12.2.1 Overview of Streaming LONG or LONG RAW Columns

When a query selects one or more LONG or LONG RAW columns, the JDBC driver transfers these columns to the client in streaming mode. In streaming mode, the JDBC driver does not read the column data from the network for LONG or LONG RAW columns, until required. The column data remains in the network communications channel until your code calls a getXXX method to read the column data. Even after the call, the column data is read only as needed to populate return value from the getXXX call.

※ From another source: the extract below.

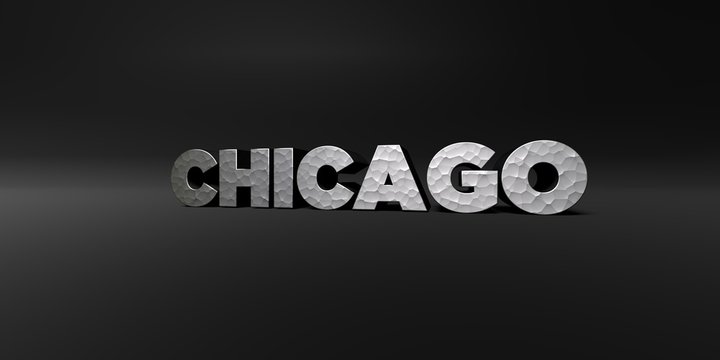 CHICAGO - hammered metal finish text on black studio - 3D rendered royalty free stock photo. This image can be used for an online website banner ad or a print postcard.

Because the column data remains in the communications channel, the streaming mode interferes with all other use of the connection. Any use of the connection, other than reading the column data, will discard the column data from the channel. While the streaming mode makes efficient use of memory and minimizes network round trips, it interferes with many other database operations.

Note:

Oracle recommends avoiding LONG and LONG RAW columns. Use LOB instead.

To access the data in a LONG column, you can get the column as a Java InputStream object and use the read method of the InputStream object. As an alternative, you can get the data as a String or byte array. In this case, the driver will do the streaming for you.

You can get LONG and LONG RAW data with any of the three stream types. The driver performs conversions for you, depending on the character set of the database and the driver.

Note:

Do not create tables with LONG columns. Use large object (LOB) columns, CLOB, NCLOB, and BLOB, instead. LONG columns are supported only for backward compatibility. Oracle recommends that you convert existing LONG columns to LOB columns. LOB columns are subject to far fewer restrictions than LONG columns.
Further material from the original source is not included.